------ Information ------

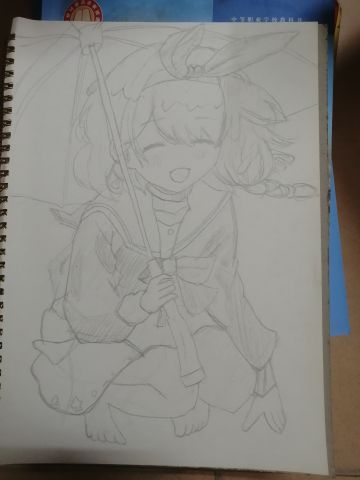 好怀念初中那会，天天都会临摹一张，虽然根本不像，但当时真的很快乐，现在已经很懒散了，连纸都不想拿出来画了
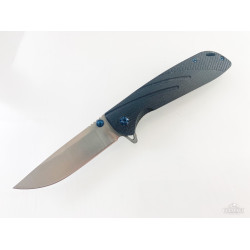 Сгъваем автоматичен нож D2 стомана и дръжка G10 син клипс за колана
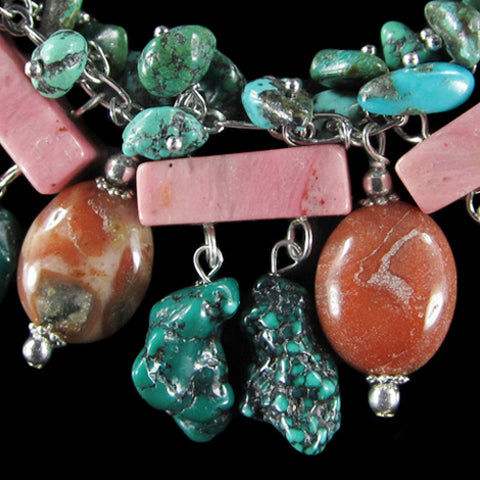 Gemstone Dangle Bracelet for Women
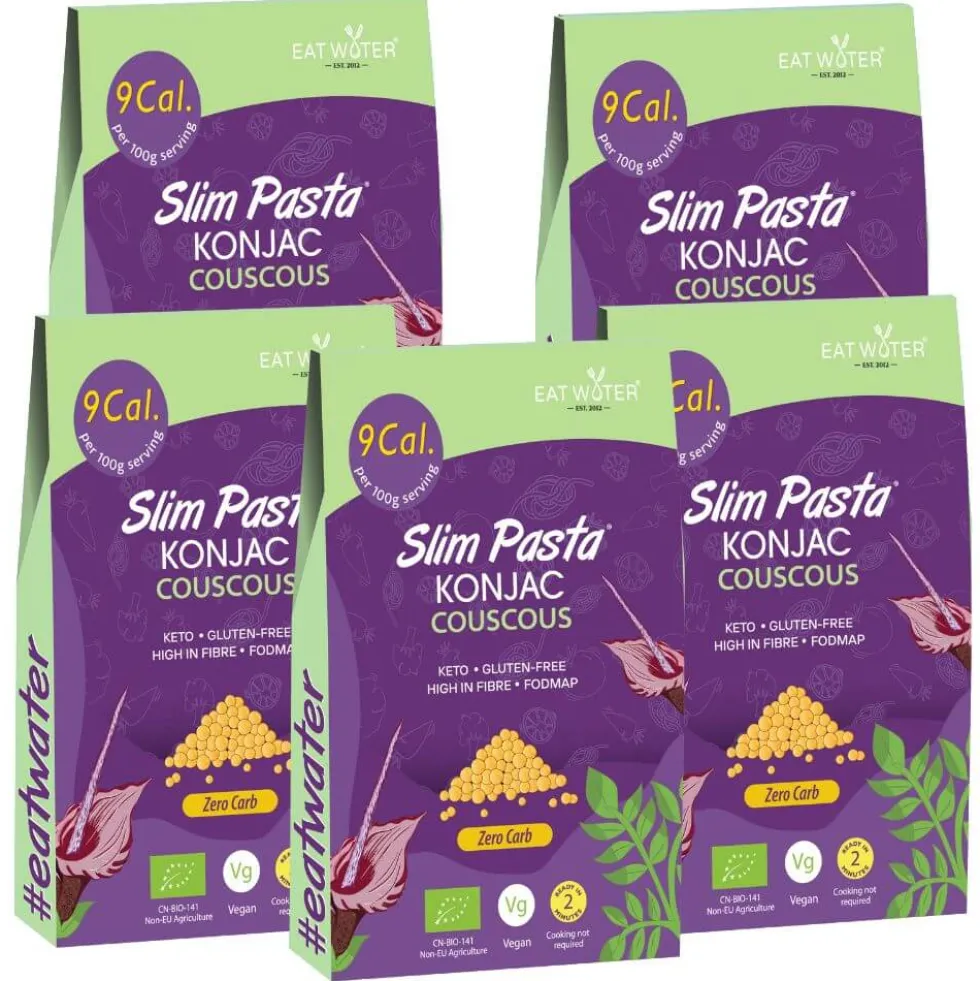 Slim Pasta Konjac keto type Couscous paquet de 270g LOT DE 5 paquets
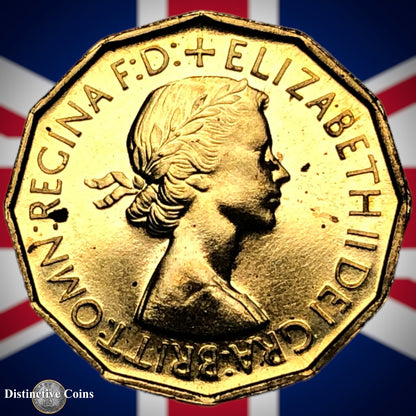 Great Britain 1953 Proof Three Pence GB2521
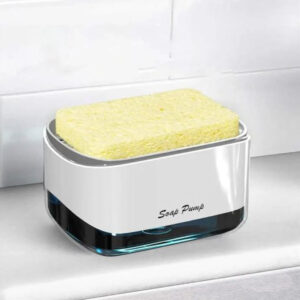 SOAP PUMP AND SPONGE CADDY
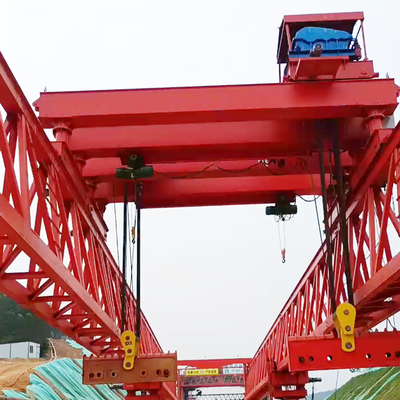 Truss Type Girder Launcher Crane 50M High Performance Lifting Machinery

------

■ **Activity**:
Wherever an image appears, omit it, and retype everything else in the entries exactly.

■ **Exercise solution**:
 好怀念初中那会，天天都会临摹一张，虽然根本不像，但当时真的很快乐，现在已经很懒散了，连纸都不想拿出来画了
 Сгъваем автоматичен нож D2 стомана и дръжка G10 син клипс за колана
 Gemstone Dangle Bracelet for Women
 Slim Pasta Konjac keto type Couscous paquet de 270g LOT DE 5 paquets
 Great Britain 1953 Proof Three Pence GB2521
 SOAP PUMP AND SPONGE CADDY
 Truss Type Girder Launcher Crane 50M High Performance Lifting Machinery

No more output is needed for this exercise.